A short answer is "no and yes."
Here's a longer answer: Any corporation in Kansas, including a nonprofit corporation, will generally lose their ability to engage in the purpose for which they were formed once they have been administratively dissolved. That's the "no" part of the answer.
But, there are two exceptions, and they are the "yes" part of the answer. First, the corporation will automatically remain in existence for "the term of three years ... or for such longer period as the district court in its discretion shall direct" in order "gradually to settle and close their business, to dispose of and convey their property, to discharge their liabilities, but not for the purpose of continuing the business for which the corporation was organized." Collecting new dues from an owner who did not move in until more than 10 years after the organization was dissolved does not likely fall into that exception, but there is a (very) slim chance this "wind-up" period is in play.

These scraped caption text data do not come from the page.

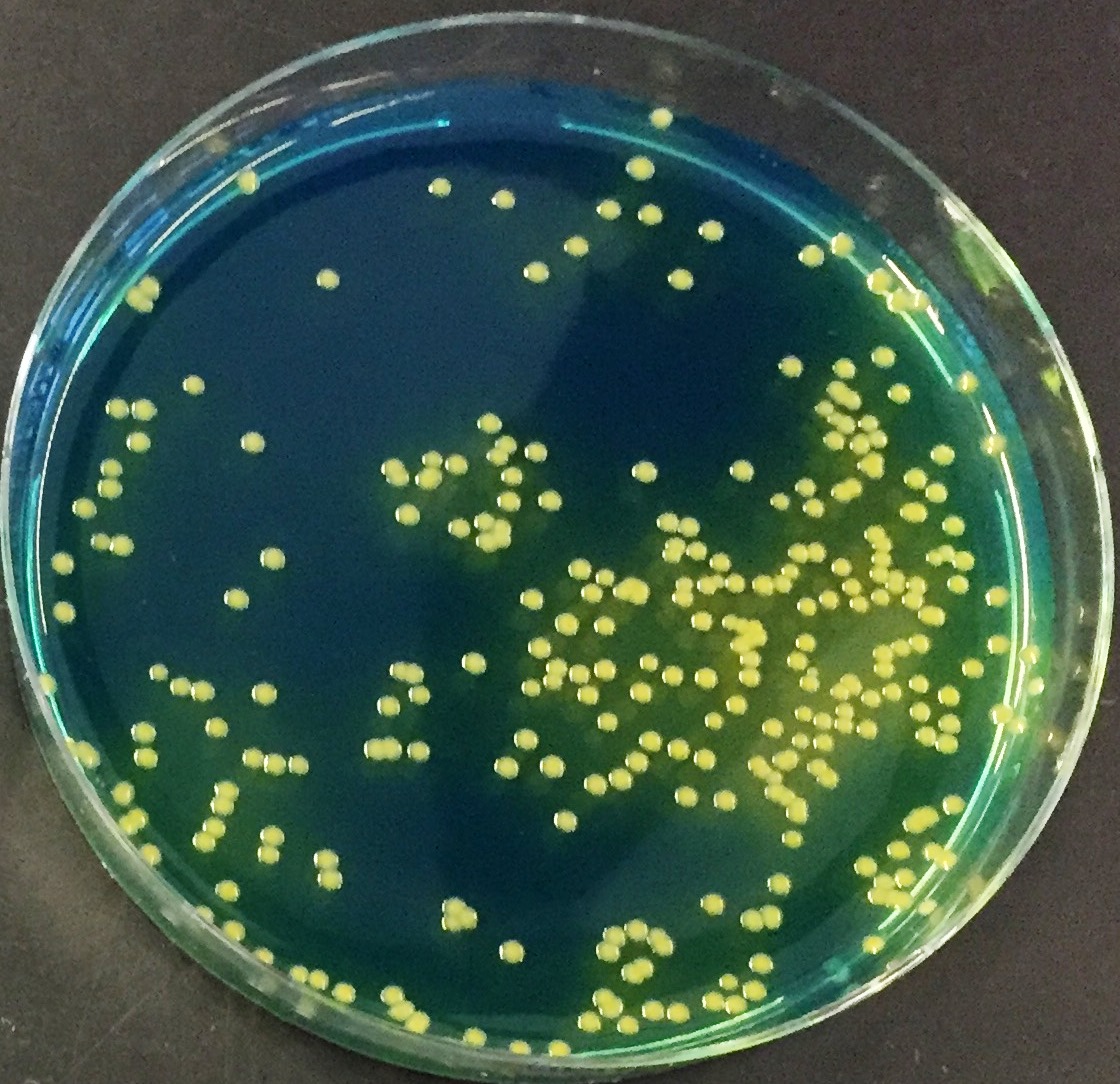 Voedingsbodem met bacteriekolonies van Aeromonas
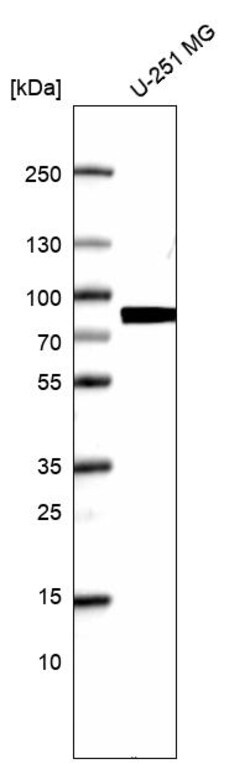 Invitrogen HEC1 Polyclonal Antibody 100 &mu;L; Unconjugated:Antibodies,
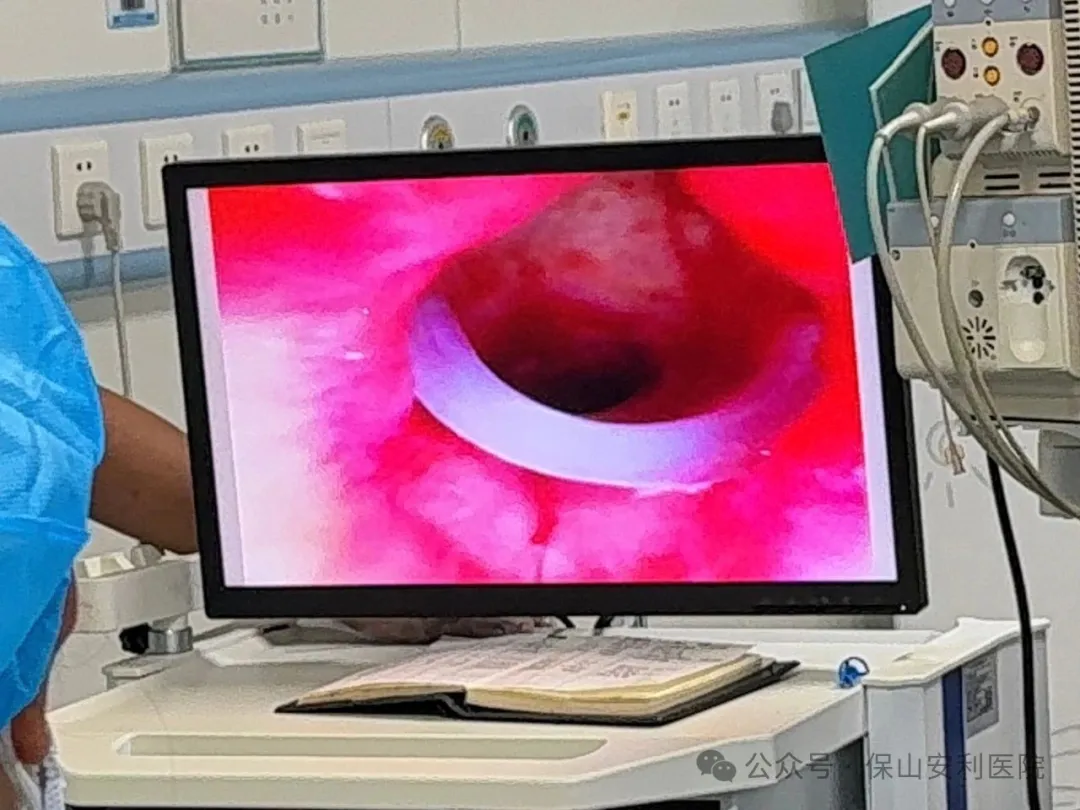 硬質支氣管鏡下硅酮支架置入術-為氣道塌陷患者撐開生命通道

Second, a corporation, including a nonprofit corporation, can apply for reinstatement by catching up with any administrative deficiencies that caused the Secretary of State to dissolve it to begin with. So, for example, if a corporation was dissolved for failing to file annual reports, they can be reinstated by filing the missing reports and paying past-due fees. Once the nonprofit has done that, they are not only back in business, but anything that they did during the time that they were dissolved is given full force and effect. The relevant law is Kansas Statute Annotate Chapter 17, Article 70, Section 17-7002. "Upon the filing of the [reinstatement] certificate ... the corporation shall be renewed or reinstated with the same force and effect as if its articles of incorporation or authority to engage in business had not been forfeited or void pursuant to this code or had not expired by limitation." That reinstatement "shall validate all contracts, acts, matters and things made, done and performed within the scope of its articles of incorporation or authority to engage in business by the corporation, its officers and agents during the time when its articles of incorporation or authority to engage in business was forfeited or void pursuant to this code, or after their expiration by limitation, with the same force and effect and to all intents and purposes as if the articles of incorporation had at all times remained in full force and effect."
So that's the big "yes" part of "no and yes." Even if the nonprofit is dissolved (for now) it takes very little for the organization to achieve reinstatement and have all their actions retroactively made valid.